▸ PROBLEM TO WORK ON: Once the pictures are set aside, repeat all of the data below exactly.

▸ INPUT DATA:
[Start of Attachment]

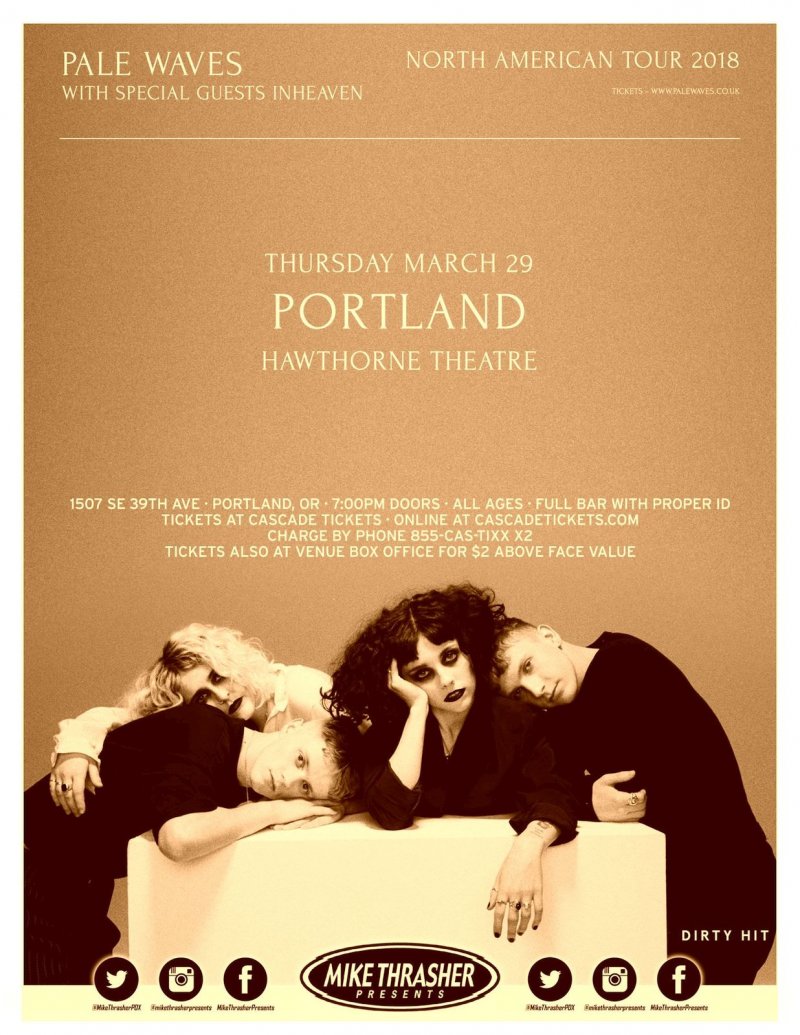 Image 0 of PALE WAVES 2018 Gig POSTER Portland Oregon Concert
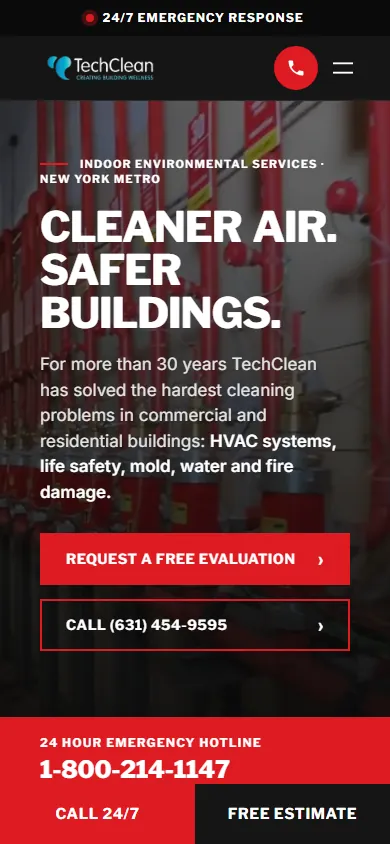 techclean.com website on a phone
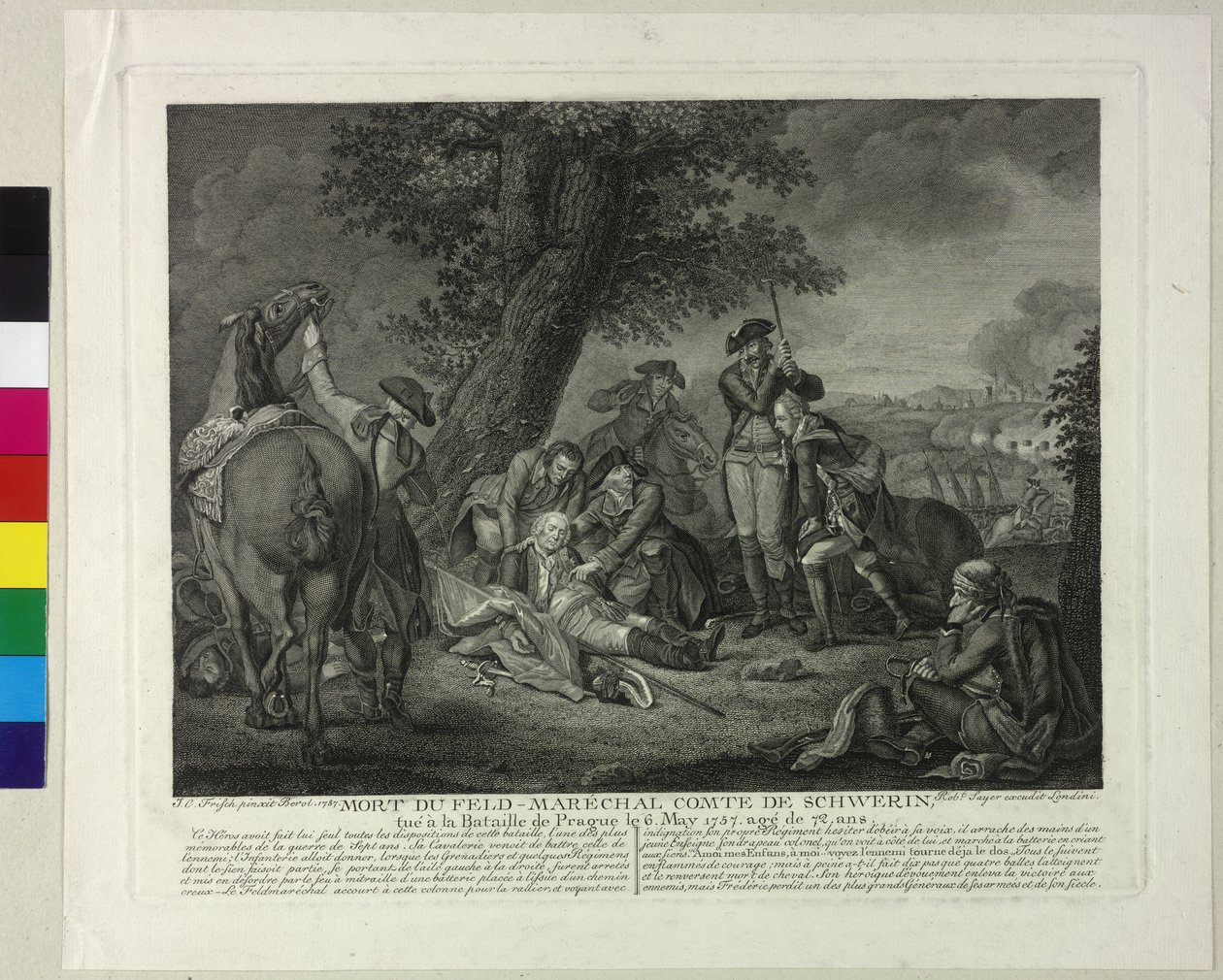 Markgreve Kurt Christoph von Schwerins död under slaget vid Prag 1757 av Johann Christoph Frisch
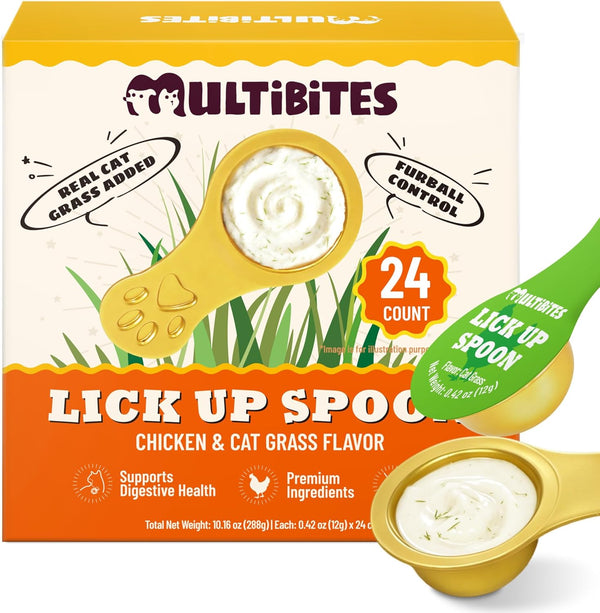 Lickable Cat Grass Treats with Lick-Up Spoons, Healthy Cat Grass Wet Cat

[End of Attachment]

▸ ANSWER BELOW:
 Image 0 of PALE WAVES 2018 Gig POSTER Portland Oregon Concert
 techclean.com website on a phone
 Markgreve Kurt Christoph von Schwerins död under slaget vid Prag 1757 av Johann Christoph Frisch
 Lickable Cat Grass Treats with Lick-Up Spoons, Healthy Cat Grass Wet Cat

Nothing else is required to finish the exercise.